Did you know that there are more than 3,500 colleges and universities in the United States alone? That’s a lot of schools and programs to choose from! On top of that, each college has different application requirements and deadlines. An independent counselor can help you narrow down the list and focus your research on colleges of best fit, whether it’s by a certain major, geographic region, athletics program, social culture or all of the above.
The average admission rate for all four-year colleges has decreased to 63%, and there are nearly 100 highly selective programs that admit fewer than 30% of applicants. It is easy for students (and parents) to get swept up in the competition. A private college counselor can help you create a reasonable list of appropriate schools to apply to across a few different levels of selectivity.
Most families save for years to pay for their child’s college education. According to The College Board, the average public university now costs close to $25,000 per year (tuition, fees, room & board) while the average private university education tops $40,000 annually. Increases in college tuition have outpaced growth in median family income over the last several decades. Student debt stands at $1.3 trillion dollars... You get the idea. An independent college counselor can help you research and evaluate financial fit and provide resources for your scholarship search.
However, not only is tuition expensive, but a typical application will cost $50 or more. Many families spend upwards of $1000 on application fees, standardized testing and college visits. Why not consult with someone who can help you make the best financial decision for your family throughout the application process and beyond?
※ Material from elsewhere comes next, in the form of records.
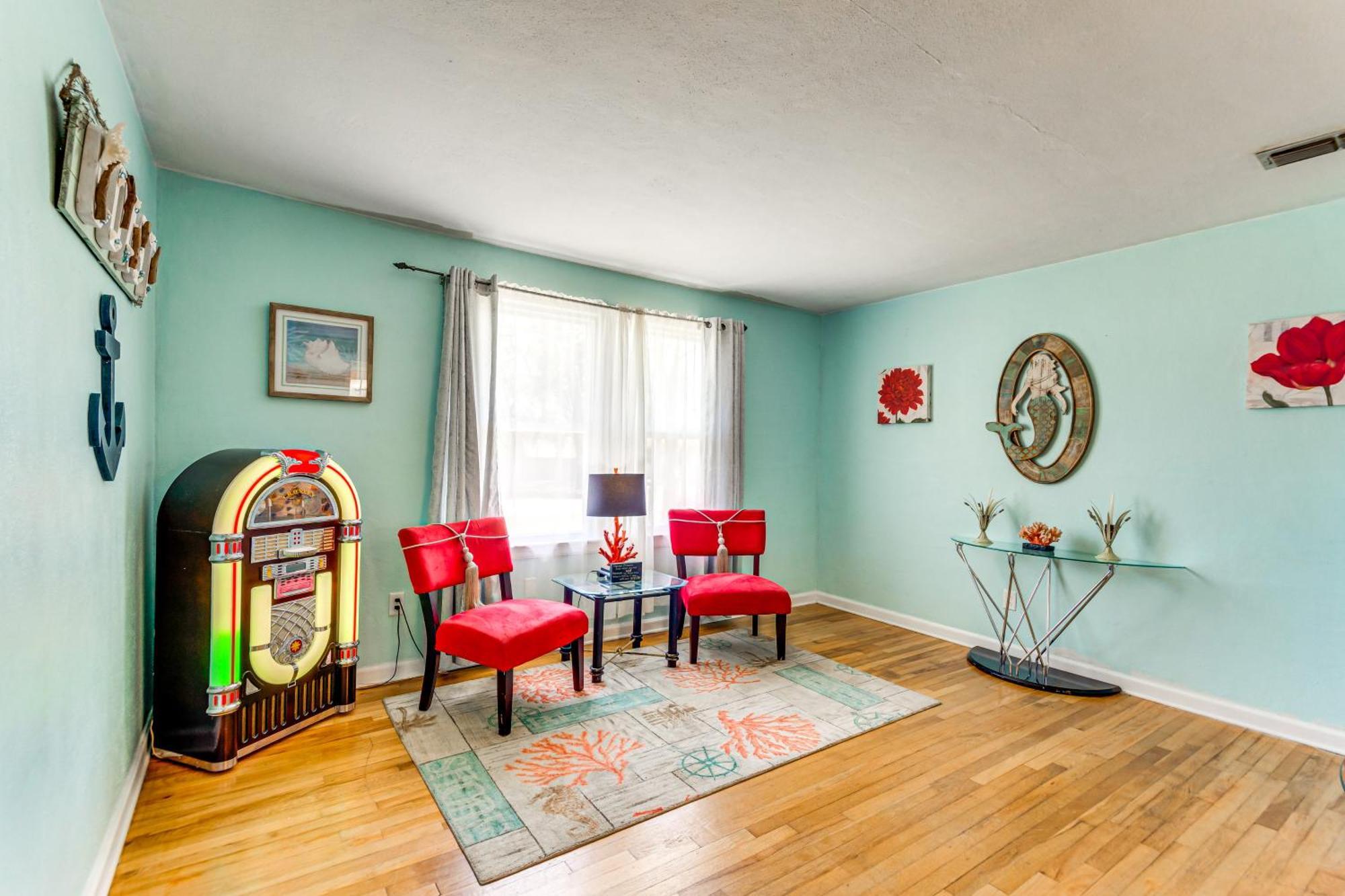 Fort Walton Coastal Retreat With Yard Walk To Beach شاطئ فورت والتون المظهر الخارجي الصورة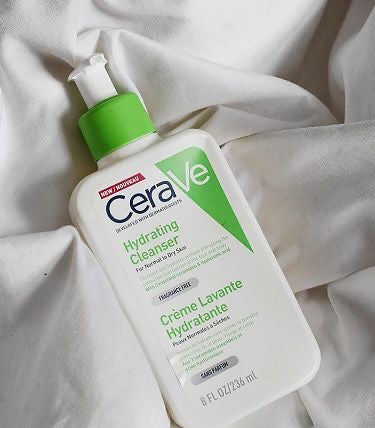 CeraVe Hydrating Cleanser (236ml) – For Normal to Dry Skin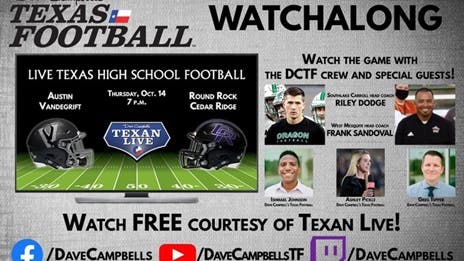 DCTF Watchalong: Vandegrift vs Cedar Ridge with Southlake Carroll coach Riley Dodge & West Mesquite coach Frank Sandoval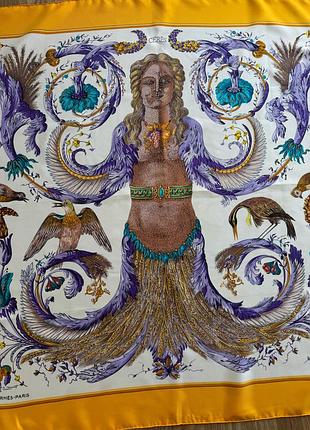 Шовковий платок hermеs  scarf by fr faconnet оригінал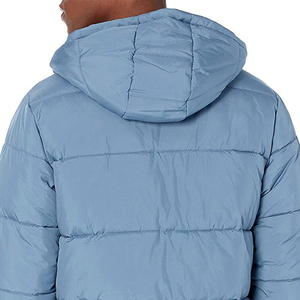 Blouson matelassé pour homme le plus vendu, à capuche, coupe ajustée, hiver, prix direct usine, nouveau design, col montant, tissu toile de haute qualité - Product Image 6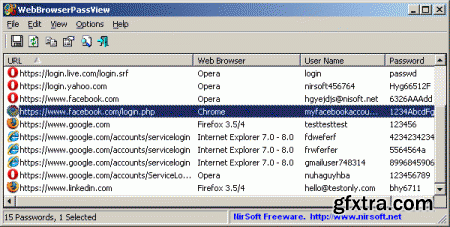 WebBrowserPassView v1.65 Final (+ Portable)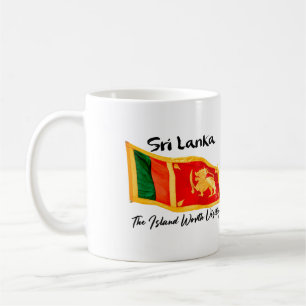 Mug Drapeau Sri Lanka - L'île à visiter !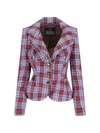 Vivienne Westwood Tartan Single-breasted Blazer In Multi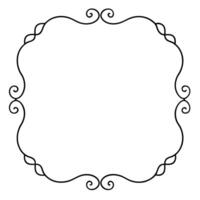 Vintage frame with symmetrical details for balance vector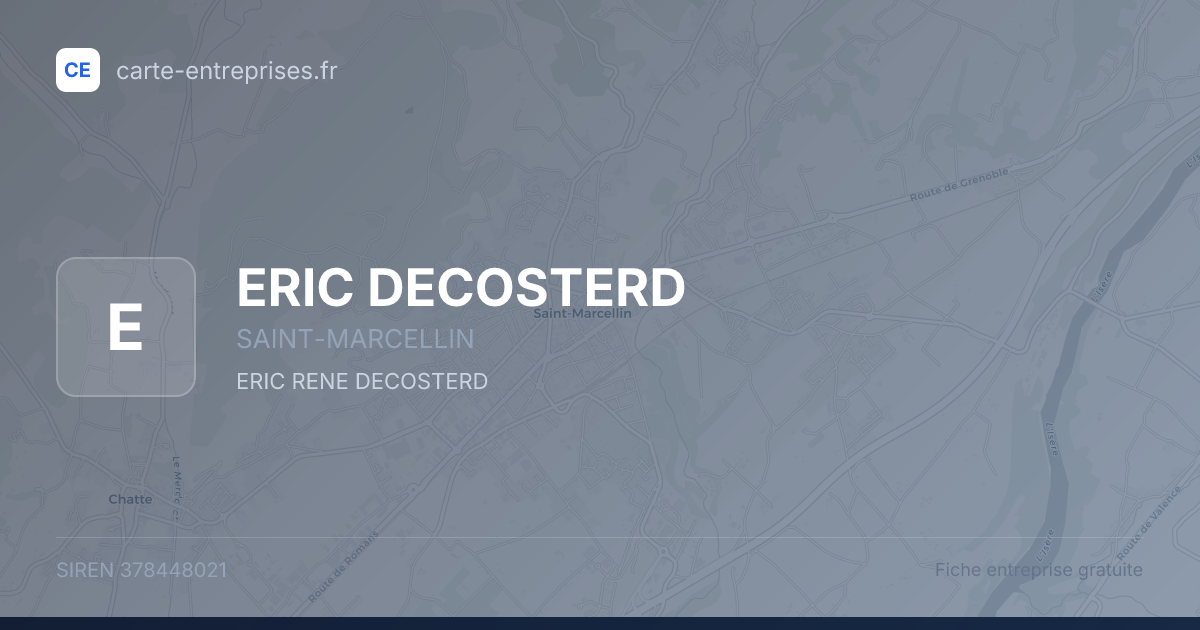ERIC DECOSTERD — 378448021 — fiche entreprise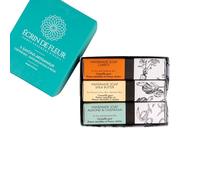 Écrin de Fleur - Organic Artisanal Soap 3-pack (Shea Butter 1x90g, Carrot 1x90g, Almond & Calendula 1x90g)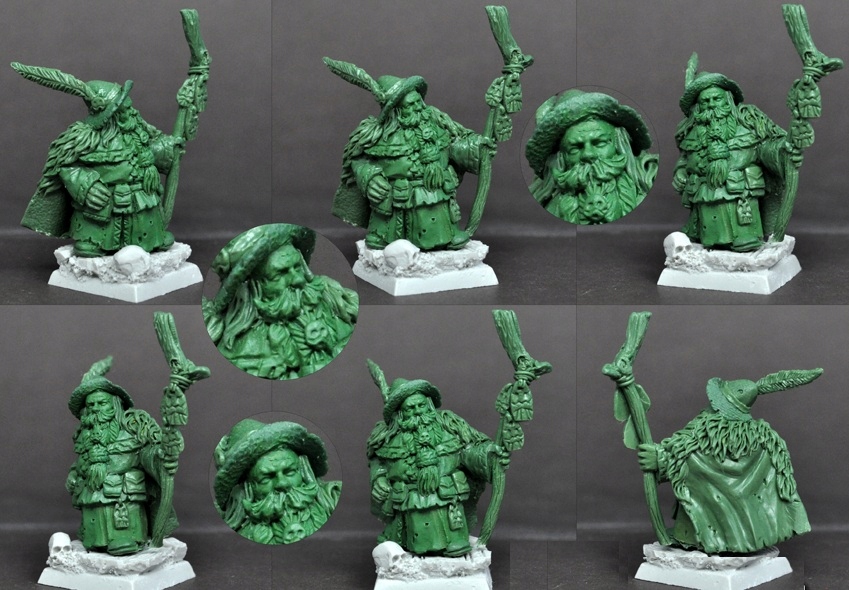 Figurka Rpg Dwarf Herbalist podstawka 28mm Scibor 28FM0609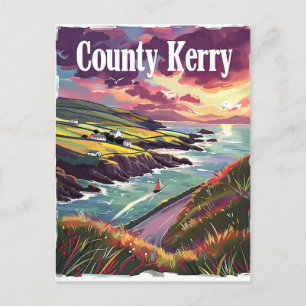 Cartão Postal County Kerry Irlanda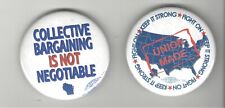 2011 LABOR UNION 2 pin Wisconsin COLLECTIVE BARGAINING picture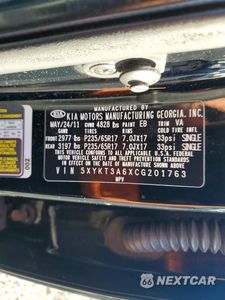 Zdjęcie 13 z 13 samochodu: 2012 KIA SORENTO LX VIN:5XYKT3A6XCG201763 - miniatura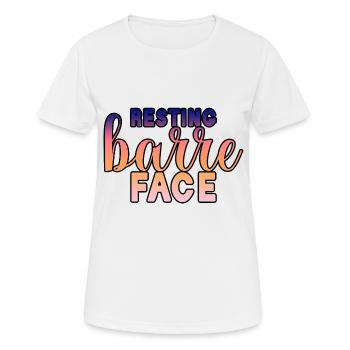 Resting Barre Face 3 - Frauen T-Shirt atmungsaktiv - Weiß - Vorne - AI Model Female 172 dark (172cm)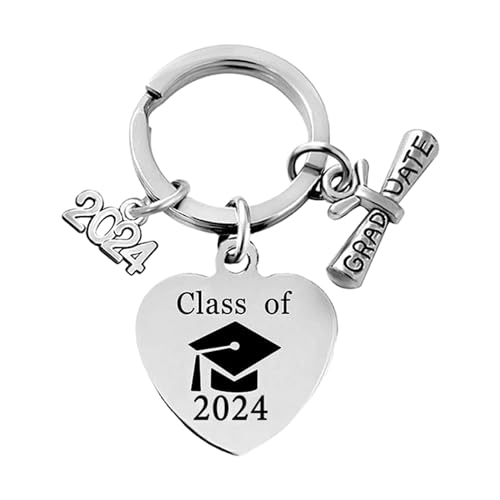 Zkydhbd Abschlussschlüsselkettengravur Schlüsselbund Fashion Key Edelstahl Schlüssel Schmuck Abschluss Souvenir Für Schüler Edelstahl Schlüsselhalter von Zkydhbd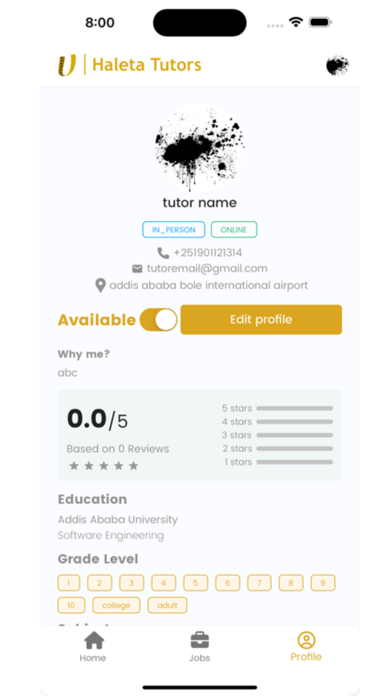 Haleta Tutors (for tutors) Screenshot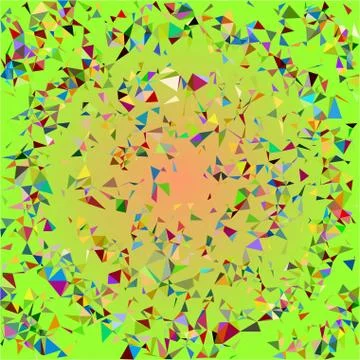 Multicolor geometric rumpled triangular low poly origami style gradient illus Stock Illustration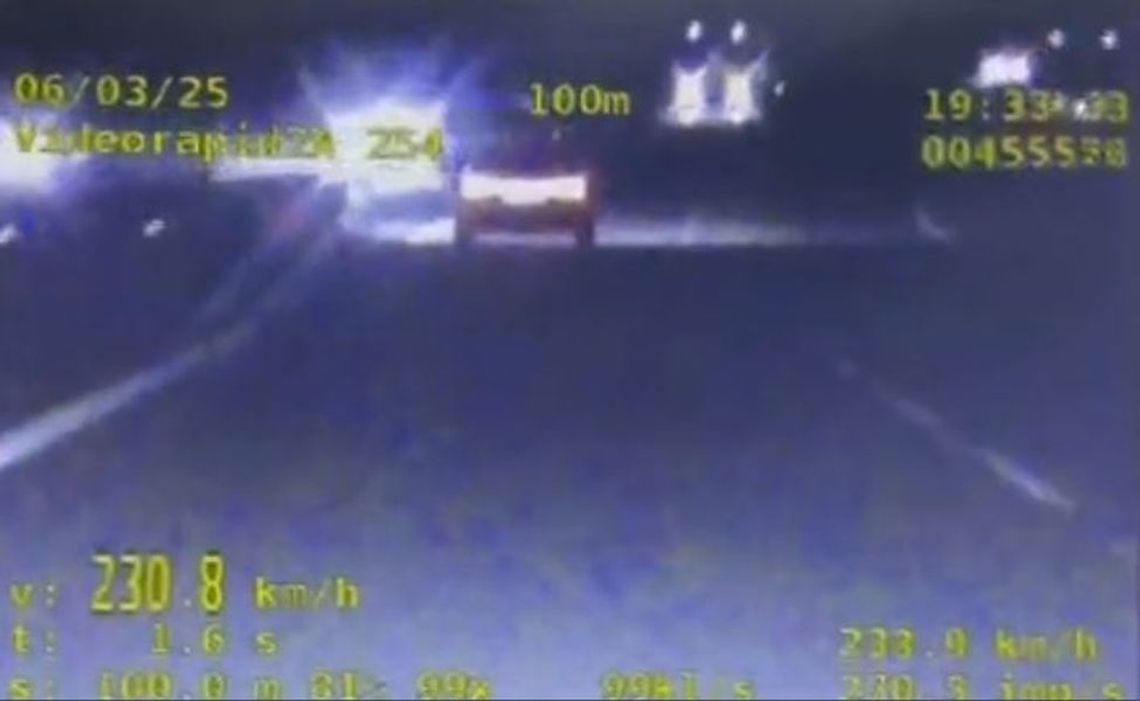 230 km/h na A4! Kierowca audi dostał surową karę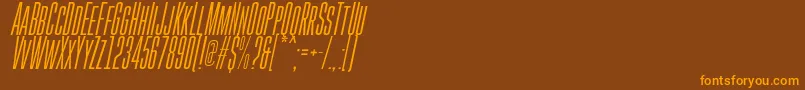 GoboldHighThinItalic Font – Orange Fonts on Brown Background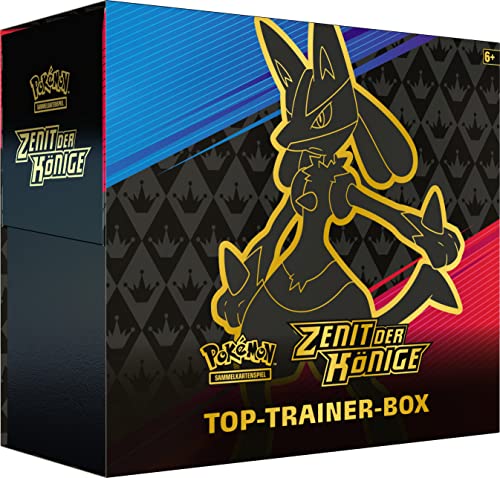 Pokémon-Sammelkartenspiel: Top-Trainer-Box Zenit der Könige (10 Boosterpacks &amp; Premium-Zubehör)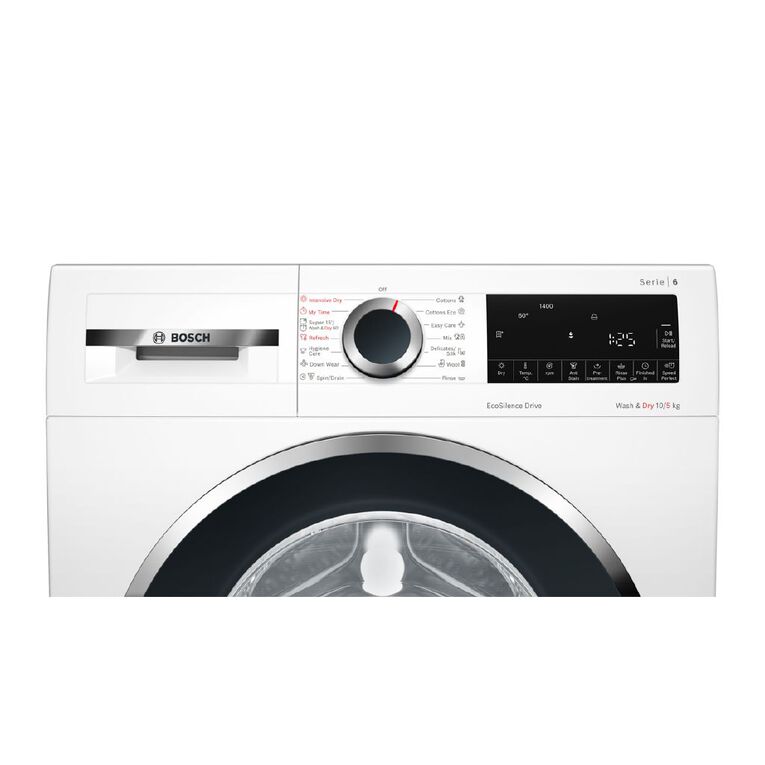 Bosch 10kg/5kg Series 6 Front Load Washer/Dryer - White, , hi-res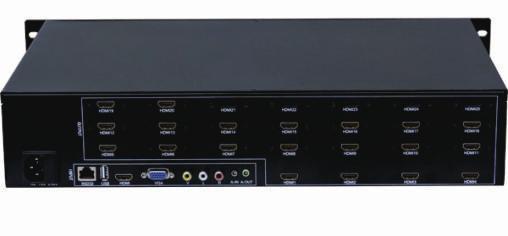 0,can insert U disk, embed audio; Support video, image, MP3, TXT 4 HDMI output,support joint pattern of 2*2, 1*4, 4*1; Support customizing output signal of 2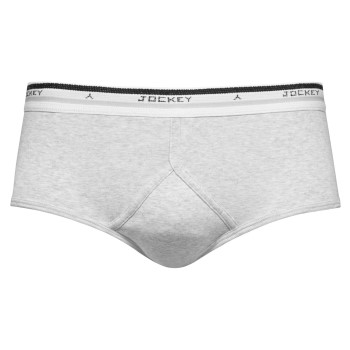 Jockey Cotton Y-front Brief Grå bomuld Medium Herre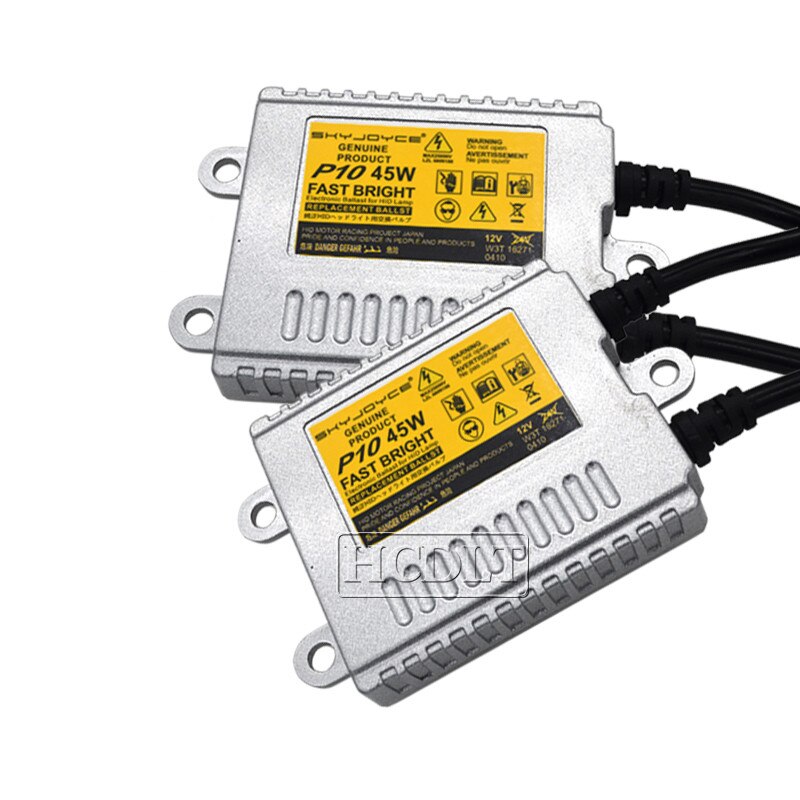HCDLT Prämie Schnelle Helle 45W Dünne Drossel versteckt Scheinwerfer Bausatz Xenon H1 H3 H11 HB3 HB4 9012 D2H H7 12V 5500K Weiß Auto Glühbirne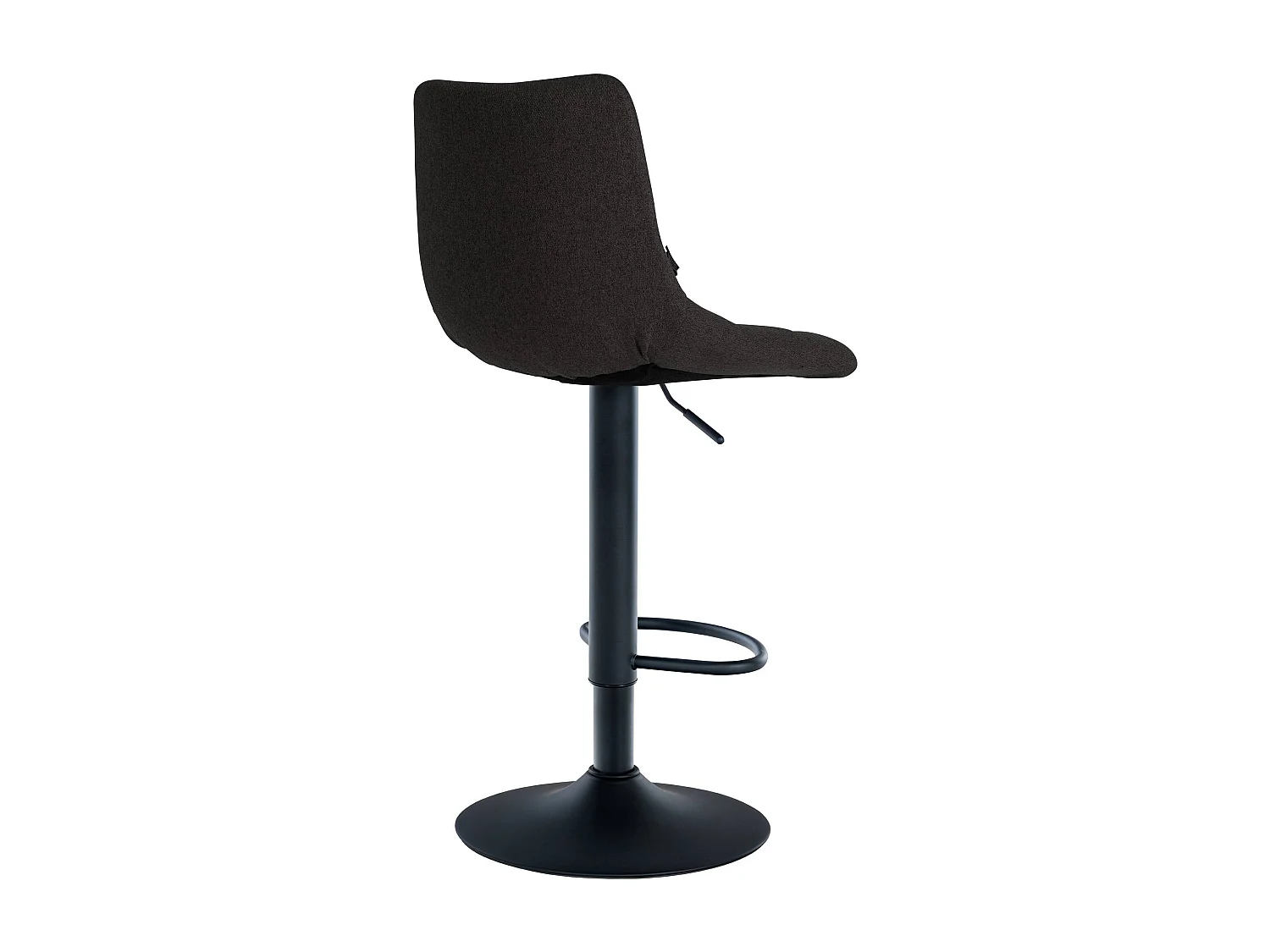 Lot de 2  Tabouret de bar - Tissu & Métal - Noir - Jerry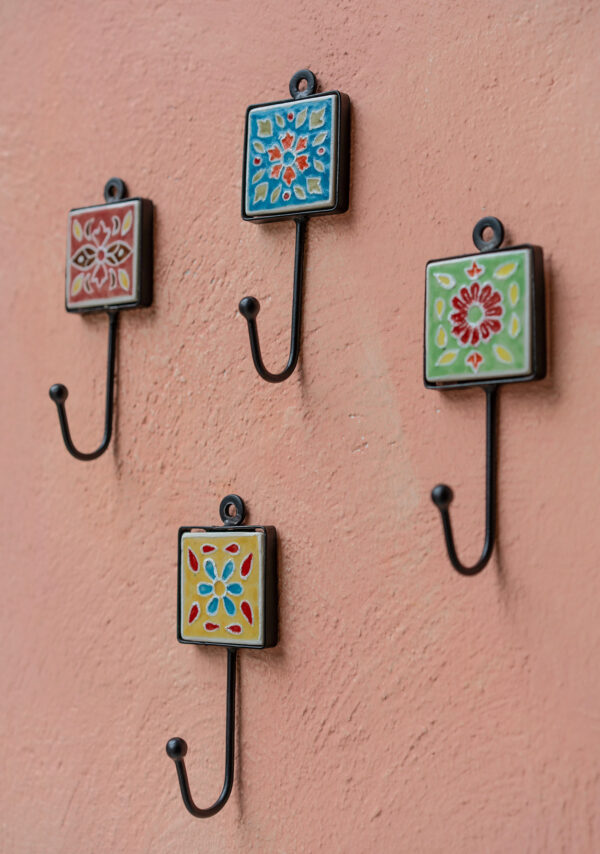 Ceramic square tile wall hook sustainable wildwood cornwall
Unfortunately, your high school’s college counselor may not have the time to work with you on a regular basis throughout your high school career. The national average student to counselor ratio stands at 491:1 according to the American School Counselor Association, while the ratio is 502:1 in Washington State. Furthermore, an average of only 23% of a counselor’s time is spent on college counseling, meaning even less support for college-bound students. Independent counselors can fill in the gaps and work in tandem with your high school’s counselor throughout the process.
A private college counselor will be able to provide customized, one-on-one assistance for students and families throughout the process, whether it’s starting freshman year or during the chaotic application season only. When choosing a counselor, it is important to find someone with real admissions and advising experience! Many counselors claim that they are qualified after helping their child apply to college, but they have never read applications, interviewed students, or advised families on programs of best fit.
Be sure to do your research, as there is a lot of variation in qualifications out there. Be wary of any counselor who asks you to pay exorbitant fees upfront, who guarantees admission to certain programs, or who promises to write essays for students. I recommend consulting the IECA or HECA databases to find experienced, ethical counselors.
I am a member of several professional associations and regularly participate in admissions and advising-related professional development. I'm committed to staying current on admissions trends in order to best serve students and families. And I regularly visit college campuses throughout the nation because nothing can replace the campus visit experience!